While onboard the HMCS Ville de Québec in Port of Spain, Trinidad, yesterday, Prime Minister Stephen Harper essentially called critics of the government's policy of transferring prisoners to Afghan jailers unpatriotic, and that they were undermining the Canadian military:
When some in the political arena do not hesitate before throwing the most serious of allegations at our men and women in uniform, based on the most flimsy of evidence, remember that Canadians from coast to coast to coast are proud of you and stand behind you, and I am proud of you, and I stand beside you.
Nice try Bush. This isn't about the troops.
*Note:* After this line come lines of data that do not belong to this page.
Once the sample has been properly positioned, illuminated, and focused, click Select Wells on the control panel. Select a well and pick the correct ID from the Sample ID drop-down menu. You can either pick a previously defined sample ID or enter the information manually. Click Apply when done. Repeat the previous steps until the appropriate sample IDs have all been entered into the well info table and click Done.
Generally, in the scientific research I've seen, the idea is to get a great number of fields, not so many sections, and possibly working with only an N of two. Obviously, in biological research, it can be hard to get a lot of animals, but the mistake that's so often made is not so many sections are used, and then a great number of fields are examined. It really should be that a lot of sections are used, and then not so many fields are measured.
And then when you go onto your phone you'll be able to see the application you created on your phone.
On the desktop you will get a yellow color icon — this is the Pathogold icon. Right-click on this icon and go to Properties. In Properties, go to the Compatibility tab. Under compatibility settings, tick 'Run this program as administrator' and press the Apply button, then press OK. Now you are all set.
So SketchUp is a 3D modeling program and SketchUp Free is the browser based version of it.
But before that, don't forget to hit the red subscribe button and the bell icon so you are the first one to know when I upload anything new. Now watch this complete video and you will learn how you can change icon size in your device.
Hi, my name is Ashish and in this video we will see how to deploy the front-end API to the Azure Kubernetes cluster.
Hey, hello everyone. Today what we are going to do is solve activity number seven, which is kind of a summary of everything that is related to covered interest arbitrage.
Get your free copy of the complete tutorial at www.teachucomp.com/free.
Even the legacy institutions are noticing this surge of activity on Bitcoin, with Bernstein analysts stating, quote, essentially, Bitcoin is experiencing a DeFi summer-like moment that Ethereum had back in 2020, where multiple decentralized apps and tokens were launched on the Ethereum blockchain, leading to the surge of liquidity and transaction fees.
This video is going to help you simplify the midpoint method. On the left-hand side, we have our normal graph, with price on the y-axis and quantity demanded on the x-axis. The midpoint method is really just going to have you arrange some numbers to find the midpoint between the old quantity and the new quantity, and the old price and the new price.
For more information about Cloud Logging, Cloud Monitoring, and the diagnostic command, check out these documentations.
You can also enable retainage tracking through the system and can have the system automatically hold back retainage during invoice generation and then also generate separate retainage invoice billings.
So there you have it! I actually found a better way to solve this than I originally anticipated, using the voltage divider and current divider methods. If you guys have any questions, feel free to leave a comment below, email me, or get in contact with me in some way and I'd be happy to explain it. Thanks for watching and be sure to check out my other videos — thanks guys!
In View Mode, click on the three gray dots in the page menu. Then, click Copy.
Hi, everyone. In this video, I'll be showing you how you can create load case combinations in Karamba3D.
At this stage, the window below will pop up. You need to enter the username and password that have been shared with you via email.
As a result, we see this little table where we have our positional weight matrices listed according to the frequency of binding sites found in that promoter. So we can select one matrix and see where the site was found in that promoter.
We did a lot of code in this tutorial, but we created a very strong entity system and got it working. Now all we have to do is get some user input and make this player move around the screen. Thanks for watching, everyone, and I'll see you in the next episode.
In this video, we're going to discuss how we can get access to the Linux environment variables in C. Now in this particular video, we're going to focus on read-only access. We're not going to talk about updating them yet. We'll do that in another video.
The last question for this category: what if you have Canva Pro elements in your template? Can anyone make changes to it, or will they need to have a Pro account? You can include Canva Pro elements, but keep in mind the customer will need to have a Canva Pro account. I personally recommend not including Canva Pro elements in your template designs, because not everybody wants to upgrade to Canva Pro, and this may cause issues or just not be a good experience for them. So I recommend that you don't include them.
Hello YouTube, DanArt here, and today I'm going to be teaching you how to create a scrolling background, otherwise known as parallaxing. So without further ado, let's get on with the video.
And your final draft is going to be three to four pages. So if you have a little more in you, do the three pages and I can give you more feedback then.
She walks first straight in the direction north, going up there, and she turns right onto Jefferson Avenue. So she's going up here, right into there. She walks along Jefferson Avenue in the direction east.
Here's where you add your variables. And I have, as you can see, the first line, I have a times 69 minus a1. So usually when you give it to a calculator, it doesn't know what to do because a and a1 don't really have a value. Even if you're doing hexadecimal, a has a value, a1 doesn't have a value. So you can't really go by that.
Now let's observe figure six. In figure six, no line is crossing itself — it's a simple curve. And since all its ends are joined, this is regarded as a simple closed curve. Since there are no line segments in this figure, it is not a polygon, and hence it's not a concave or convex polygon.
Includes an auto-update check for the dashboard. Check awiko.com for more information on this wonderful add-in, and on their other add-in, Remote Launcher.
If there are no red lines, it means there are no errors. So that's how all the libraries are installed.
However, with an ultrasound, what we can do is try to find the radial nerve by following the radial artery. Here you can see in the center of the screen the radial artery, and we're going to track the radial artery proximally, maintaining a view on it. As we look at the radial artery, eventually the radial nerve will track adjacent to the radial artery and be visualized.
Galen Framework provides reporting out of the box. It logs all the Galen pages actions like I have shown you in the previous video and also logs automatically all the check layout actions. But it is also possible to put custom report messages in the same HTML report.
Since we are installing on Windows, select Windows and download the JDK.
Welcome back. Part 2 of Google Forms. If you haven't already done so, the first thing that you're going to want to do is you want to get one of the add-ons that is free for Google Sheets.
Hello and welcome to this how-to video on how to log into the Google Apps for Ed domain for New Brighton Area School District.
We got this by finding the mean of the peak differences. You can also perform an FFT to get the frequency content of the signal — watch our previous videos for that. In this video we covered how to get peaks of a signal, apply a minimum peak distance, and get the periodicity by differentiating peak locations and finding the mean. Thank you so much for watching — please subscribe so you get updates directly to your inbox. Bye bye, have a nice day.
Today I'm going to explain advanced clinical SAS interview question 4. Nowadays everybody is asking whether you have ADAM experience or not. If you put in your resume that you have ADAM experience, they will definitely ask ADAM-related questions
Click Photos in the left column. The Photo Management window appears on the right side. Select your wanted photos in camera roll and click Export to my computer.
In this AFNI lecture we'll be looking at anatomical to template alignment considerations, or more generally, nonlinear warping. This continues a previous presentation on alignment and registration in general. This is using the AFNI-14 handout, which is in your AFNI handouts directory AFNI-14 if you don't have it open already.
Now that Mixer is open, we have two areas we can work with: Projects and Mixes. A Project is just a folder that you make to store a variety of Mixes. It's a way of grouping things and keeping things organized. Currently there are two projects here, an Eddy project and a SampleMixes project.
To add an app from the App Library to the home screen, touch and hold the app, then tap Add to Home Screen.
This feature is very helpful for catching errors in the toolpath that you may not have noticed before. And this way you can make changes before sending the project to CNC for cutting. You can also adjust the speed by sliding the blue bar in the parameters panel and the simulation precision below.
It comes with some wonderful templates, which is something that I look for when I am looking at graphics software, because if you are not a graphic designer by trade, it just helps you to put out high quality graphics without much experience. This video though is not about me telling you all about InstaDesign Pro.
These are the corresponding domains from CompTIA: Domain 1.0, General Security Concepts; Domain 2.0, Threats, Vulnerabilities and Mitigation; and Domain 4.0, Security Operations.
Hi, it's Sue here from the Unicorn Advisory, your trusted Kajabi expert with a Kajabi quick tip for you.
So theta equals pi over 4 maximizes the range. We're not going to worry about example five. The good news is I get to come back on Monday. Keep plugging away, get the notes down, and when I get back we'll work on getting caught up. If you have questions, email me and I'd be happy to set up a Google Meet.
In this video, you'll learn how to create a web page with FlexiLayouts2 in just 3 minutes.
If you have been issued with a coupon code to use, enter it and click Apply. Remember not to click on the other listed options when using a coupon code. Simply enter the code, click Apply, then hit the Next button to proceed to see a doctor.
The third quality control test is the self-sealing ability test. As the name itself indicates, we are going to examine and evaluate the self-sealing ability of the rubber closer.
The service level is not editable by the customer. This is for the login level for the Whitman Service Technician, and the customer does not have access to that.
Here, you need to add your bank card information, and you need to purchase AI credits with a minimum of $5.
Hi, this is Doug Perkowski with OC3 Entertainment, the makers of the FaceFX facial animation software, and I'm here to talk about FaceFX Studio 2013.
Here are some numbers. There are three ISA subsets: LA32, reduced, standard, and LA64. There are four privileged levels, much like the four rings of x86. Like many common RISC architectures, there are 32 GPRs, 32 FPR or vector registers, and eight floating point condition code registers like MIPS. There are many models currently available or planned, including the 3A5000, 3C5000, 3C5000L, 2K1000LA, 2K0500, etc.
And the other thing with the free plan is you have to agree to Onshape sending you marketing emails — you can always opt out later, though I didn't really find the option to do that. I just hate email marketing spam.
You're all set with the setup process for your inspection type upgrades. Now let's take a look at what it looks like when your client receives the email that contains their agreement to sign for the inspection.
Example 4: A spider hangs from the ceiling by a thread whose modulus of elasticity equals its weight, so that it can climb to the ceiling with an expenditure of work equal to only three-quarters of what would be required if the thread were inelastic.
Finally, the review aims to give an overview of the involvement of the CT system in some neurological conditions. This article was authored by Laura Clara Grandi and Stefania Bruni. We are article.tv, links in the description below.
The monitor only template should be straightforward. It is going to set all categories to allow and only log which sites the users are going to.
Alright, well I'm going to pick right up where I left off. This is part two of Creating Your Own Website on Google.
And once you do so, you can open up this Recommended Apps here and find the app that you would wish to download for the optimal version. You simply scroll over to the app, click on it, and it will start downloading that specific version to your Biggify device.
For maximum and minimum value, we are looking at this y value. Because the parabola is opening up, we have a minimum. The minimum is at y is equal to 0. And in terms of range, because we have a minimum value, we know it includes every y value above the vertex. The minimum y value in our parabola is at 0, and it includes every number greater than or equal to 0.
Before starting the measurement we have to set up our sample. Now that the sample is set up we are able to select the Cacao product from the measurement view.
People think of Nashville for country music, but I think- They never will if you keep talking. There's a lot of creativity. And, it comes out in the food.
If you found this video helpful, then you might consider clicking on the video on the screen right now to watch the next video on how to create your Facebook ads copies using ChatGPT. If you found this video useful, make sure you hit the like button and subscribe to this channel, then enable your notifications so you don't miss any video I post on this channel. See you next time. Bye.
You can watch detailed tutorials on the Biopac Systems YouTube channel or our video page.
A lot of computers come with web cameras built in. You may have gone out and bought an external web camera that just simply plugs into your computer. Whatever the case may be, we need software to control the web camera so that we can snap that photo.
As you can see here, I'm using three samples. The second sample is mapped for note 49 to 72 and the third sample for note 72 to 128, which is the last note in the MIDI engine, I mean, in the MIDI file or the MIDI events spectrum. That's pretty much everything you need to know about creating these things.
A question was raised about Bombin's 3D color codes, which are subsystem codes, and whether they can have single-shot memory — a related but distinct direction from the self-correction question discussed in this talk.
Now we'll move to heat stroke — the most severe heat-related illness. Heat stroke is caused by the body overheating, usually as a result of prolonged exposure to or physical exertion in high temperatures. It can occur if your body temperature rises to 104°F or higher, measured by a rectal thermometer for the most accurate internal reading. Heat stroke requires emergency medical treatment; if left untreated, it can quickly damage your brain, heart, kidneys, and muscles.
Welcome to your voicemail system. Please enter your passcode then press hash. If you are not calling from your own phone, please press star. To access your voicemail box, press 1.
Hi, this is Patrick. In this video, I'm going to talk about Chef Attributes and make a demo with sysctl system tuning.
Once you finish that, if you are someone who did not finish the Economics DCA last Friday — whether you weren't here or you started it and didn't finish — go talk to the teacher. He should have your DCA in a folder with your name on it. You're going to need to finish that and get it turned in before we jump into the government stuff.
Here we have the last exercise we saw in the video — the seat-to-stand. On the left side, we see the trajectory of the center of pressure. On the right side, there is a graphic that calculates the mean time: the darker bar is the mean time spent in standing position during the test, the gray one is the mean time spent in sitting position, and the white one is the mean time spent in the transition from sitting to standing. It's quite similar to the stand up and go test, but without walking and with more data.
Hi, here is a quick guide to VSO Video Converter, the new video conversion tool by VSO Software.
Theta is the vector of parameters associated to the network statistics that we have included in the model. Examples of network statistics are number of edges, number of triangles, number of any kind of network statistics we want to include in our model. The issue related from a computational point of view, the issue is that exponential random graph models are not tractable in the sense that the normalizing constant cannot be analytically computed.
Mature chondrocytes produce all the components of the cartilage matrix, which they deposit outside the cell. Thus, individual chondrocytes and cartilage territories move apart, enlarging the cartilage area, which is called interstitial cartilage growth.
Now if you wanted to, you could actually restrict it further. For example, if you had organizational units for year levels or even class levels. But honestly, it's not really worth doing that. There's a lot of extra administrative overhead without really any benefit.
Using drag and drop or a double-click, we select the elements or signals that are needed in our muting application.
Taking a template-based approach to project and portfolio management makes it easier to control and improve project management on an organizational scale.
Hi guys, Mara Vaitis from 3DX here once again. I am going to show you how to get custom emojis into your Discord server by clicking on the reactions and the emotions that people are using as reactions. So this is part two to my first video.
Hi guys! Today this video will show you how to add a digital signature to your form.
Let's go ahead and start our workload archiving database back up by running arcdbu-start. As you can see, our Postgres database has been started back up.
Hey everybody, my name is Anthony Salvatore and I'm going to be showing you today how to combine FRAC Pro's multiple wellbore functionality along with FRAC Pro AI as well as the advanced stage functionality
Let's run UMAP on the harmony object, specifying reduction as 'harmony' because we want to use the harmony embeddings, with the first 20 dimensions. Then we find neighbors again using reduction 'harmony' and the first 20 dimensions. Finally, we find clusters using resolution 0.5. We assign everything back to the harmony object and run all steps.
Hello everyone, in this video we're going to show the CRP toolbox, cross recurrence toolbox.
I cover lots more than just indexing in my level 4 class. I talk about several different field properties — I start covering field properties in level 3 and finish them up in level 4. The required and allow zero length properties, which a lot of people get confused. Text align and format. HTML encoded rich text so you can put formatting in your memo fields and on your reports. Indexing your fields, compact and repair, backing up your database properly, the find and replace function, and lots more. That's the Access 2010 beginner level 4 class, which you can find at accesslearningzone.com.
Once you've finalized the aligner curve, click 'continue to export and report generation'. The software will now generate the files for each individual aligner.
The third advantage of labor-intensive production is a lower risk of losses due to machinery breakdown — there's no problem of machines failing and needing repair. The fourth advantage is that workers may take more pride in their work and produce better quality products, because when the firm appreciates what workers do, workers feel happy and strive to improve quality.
It's about your government's deplorable policies.
Liberal Foreign Affairs critic Bob Rae hammered Harper (and rightfully so) for his “reprehensible” accusation that the oppostions parties are somehow denigrating the military by enquring about the handling of Afghan detainees. Rae said it's not about looking into the conduct of Canadian soldiers, but rather questioning the actions of the Harper government. To suggest that some political parties are stronger advocates of the Canadian military than others is “reprehensible" and arguing that asking questions regarding Afghan detainees is "somewhat unpatriotic, is frankly beyond the pale.”
To play that card the way he has played it, is I think, grossly unfair. And to suggest that in any question that’s been posed in the House of Commons or in any comment that’s been made — that somehow this is about the conduct of our troops — it’s just completely false.